1930 wird der markante Kessel von Ochsner & Cie.patentiert, aus dem «System Ochsner» wird das «Patent Ochsner». In den 70er- und 80er-Jahren schliesslich wird der Eimer vom Abfallsack aus Plastik abgelöst. Heute sind die Kübel Sammlerstücke, und «Patent Ochsner» ist nur noch der Name einer Berner Mundartband.

Rubinstein, Jon

Wie jedes Jahr lud Apple Ende Februar 2001 zur Kultmesse, auf der der oberste Apple-Chef Steve Jobs jeweils seine neuesten Gadgets vorstellt. Der Konferenzsaal an der «Macworld» in Tokio war restlos ausgebucht, und Jobs sprach: Digitalkameras und Organizer hätten längst ihren Siegeszug angetreten, nur die Musikplayer, das wohl wichtigste Requisit des modernen Menschen, seien nach wie vor «gross und sperrig oder aber klein und nutzlos», ihre Software «unglaublich hässlich». Das Publikum hörte gebannt hin – volle 12 Minuten lang unterbrach kein Applaus das Evangelium des Steve Jobs, bis dato ein Rekord.

Nur einer fehlte im Saal: der Apple-Entwicklungschef Jon Rubinstein. Der nutzte die Messe für eine Stippvisite bei den Ingenieuren von Toshiba. Die führten ihm voller Stolz ihre neueste Errungenschaft vor: eine nur viereinhalb Zentimeter kleine Computerfestplatte mit einer Kapazität von 5 Gigabyte. Auf Rubinsteins verblüffte Frage, wozu dieser Winzling denn dienen sollte, herrschte betretenes Schweigen: Toshiba hatte schlicht keine Ahnung.

Jon Rubinstein dagegen schon. Kurzerhand lieh er sich das Minilaufwerk aus, führte es seinem Chef Steve Jobs vor und machte sich ans Werk. Nur acht Monate später war er geboren: der allererste iPod von der Grösse einer Handseife, mit gerundeten Kanten, elegant verchromtem Rücken, blau leuchtendem Display und Platz für 1000 Songs.
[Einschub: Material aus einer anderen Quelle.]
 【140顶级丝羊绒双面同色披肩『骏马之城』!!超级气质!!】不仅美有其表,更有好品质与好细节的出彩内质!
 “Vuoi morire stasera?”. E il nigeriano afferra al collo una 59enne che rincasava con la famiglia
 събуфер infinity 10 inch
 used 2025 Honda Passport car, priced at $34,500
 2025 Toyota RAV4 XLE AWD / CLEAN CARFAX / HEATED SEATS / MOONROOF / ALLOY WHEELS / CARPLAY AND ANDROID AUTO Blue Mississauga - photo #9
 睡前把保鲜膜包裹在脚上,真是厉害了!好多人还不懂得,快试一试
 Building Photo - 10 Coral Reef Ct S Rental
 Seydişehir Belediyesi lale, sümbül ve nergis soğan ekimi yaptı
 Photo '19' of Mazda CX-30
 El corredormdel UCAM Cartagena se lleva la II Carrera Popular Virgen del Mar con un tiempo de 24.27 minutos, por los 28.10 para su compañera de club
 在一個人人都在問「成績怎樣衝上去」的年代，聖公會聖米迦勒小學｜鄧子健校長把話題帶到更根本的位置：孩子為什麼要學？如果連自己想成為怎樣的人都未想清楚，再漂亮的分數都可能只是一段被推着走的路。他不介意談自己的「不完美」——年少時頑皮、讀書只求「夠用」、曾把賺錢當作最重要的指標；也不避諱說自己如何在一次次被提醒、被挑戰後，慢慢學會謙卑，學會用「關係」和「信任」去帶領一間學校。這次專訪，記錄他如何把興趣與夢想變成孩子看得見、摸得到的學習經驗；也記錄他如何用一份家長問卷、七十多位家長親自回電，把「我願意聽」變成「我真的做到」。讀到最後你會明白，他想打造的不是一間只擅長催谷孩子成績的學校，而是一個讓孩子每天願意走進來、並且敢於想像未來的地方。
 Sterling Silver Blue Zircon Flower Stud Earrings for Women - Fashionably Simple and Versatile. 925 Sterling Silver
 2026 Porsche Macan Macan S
Ein Wunderding. Zusammen mit der Musiksoftware iTunes und dem Music Store machte der iPod Apple zum Giganten: Bis heute sind gegen 300 Millionen Stück verkauft, und das laufende Geschäftsjahr wird für Apple ein glänzendes sein: mit einem Gewinn von über 20 Milliarden Dollar.

Schreber, Moritz

Gemüsebeet, Giesskanne, Gartenlaube und rund herum ein Lattenzaun: Ein Schrebergarten ist dem Städter, was Arkadien den alten Griechen war: Ein Naturidyll, das Befreiung von den Zwängen des Alltags – und dazu erst noch günstiges Gemüse verheisst.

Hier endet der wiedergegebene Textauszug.